Journal Entry: Sun Apr 15, 2007, 2:20 PM
Voici un extrait qui a paru dans le ellequebec

Histoire de culte

Pendant deux millénaires de vision dichotomique, l’être humain s’est divisé en corps-esprit, psychique-physique, et surtout âme-chair. Sans compter tous les préjugés judéo-chrétiens qui lui sont inhérents. Aujourd’hui, l’émotion n’est plus considérée comme un parasite mais comme une alliée. Du côté des psychologues, tous parviennent à cette conclusion unanime : au même titre que les calories alimentaires, nous avons besoin pour survivre de ces vitamines psychologiques que sont les contacts physiques avec les autres.

Mais d’où vient donc cette phobie de l’effleurement qui nous a hantés pendant près de deux mille ans ? Tout interdit signale un danger, et c’est à cause de sa connotation sexuelle que le tabou du toucher existe. Afin de protéger de la montée de la libido, il nous oblige à renoncer d’emblée à tout échange épidermique. Selon Didier Anzieu, psychologue, cette croyance populaire aurait été renforcée par les théologiens et leur interprétation d’un passage des Évangiles. Dans son livre Le moi peau (Éd. Dunot), l’auteur révèle en effet une perception erronée d’un épisode du Nouveau Testament qui met en scène Jésus et une prostituée. La pécheresse se présente à un banquet pour remercier Jésus de 1’avoir guérie de la lèpre. Elle couvre alors les pieds du Messie de larmes et de baisers sous les yeux ébahis d’une assemblée scandalisée. Imaginez l’étonnement général, le fils de Dieu se laisse toucher par une fille de mauvaise vie. Le principal concerné rétorque que cette humble pécheresse l’honore en lui démontrant autant d’amour. Cette raison, selon lui, est suffisante pour inciter au pardon des péchés, même les plus graves. Réaction des convives : serait-il tombé dans le piège de la séduction sexuelle tendu par cette femme ?

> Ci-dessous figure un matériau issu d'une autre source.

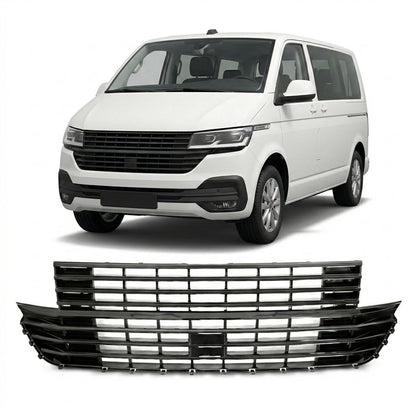 Kühlergrill ohne Emblem Hochglanz Schwarz passend für VW T6.1 2019-2024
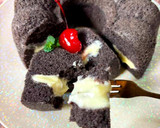 Foto langkah ke 7 dari resep Bolu Ketan Hitam Keju Lumer.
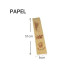 Bolsa Pan PAPEL KRAFT 11+(2X7)X55cm 2 barras /1000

En fait, ce passage n’est pas le seul à semer le doute. Anzieu poursuit son analyse en examinant deux épisodes où deux femmes bénéficient de la guérison par le toucher. La première, atteinte de possession, est libérée de ses démons par imposition des mains du Sauveur. (Tiens, le toucher révélerait donc la présence de démons intérieurs ?) Et la deuxième, en l’honneur de la résurrection de son frère, oint les pieds et les cheveux du Messie d’un parfum coûteux et en imprègne son propre corps pour préparer sa résurrection (pratique qualifiée d’autoérotique). L’interdit du toucher serait-il donc plus spécifique aux civilisations chrétiennes qu’aux autres ? Ces trois intervenantes bibliques portaient un nom qui ressemble à Marie-Madeleine. De là à les confondre toutes les trois, il n’y a qu’un pas, et c’est comme ça, en mélangeant les cartes sans discernement, qu’on en arrive à les assimiler à la prostituée. D’où la propagation fulgurante d’une grossière erreur : le toucher a nécessairement une connotation sexuelle. C’est une explication.

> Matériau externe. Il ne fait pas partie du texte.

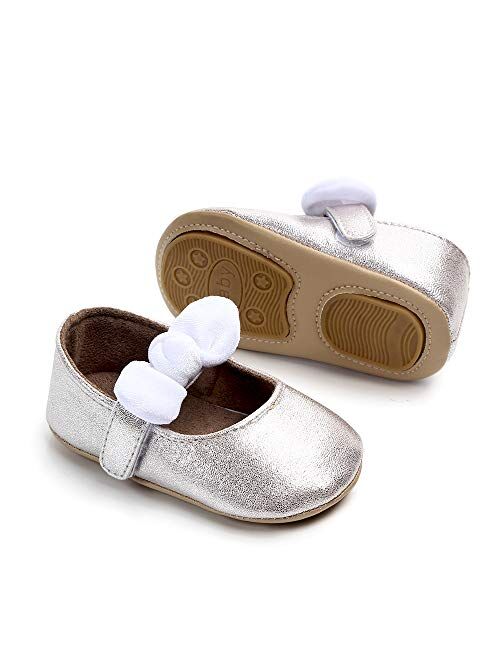 Csfry Infant Baby Girl Mary Jane Flats Toddler Shoes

La psychanalyse, inspirée de ce modèle judéo-chrétien, a vite pris le relais. Scruté par Freud, l’interdit œdipien met en garde contre la démesure de l’excitation (la nôtre et celle des autres) et sa conséquence, à savoir le déferlement de la pulsion. On sait combien les travaux de Freud ont contribué au progrès des sciences humaines… Mais ils ne l’ont cependant pas empêché d’être lui-même un fervent misogyne.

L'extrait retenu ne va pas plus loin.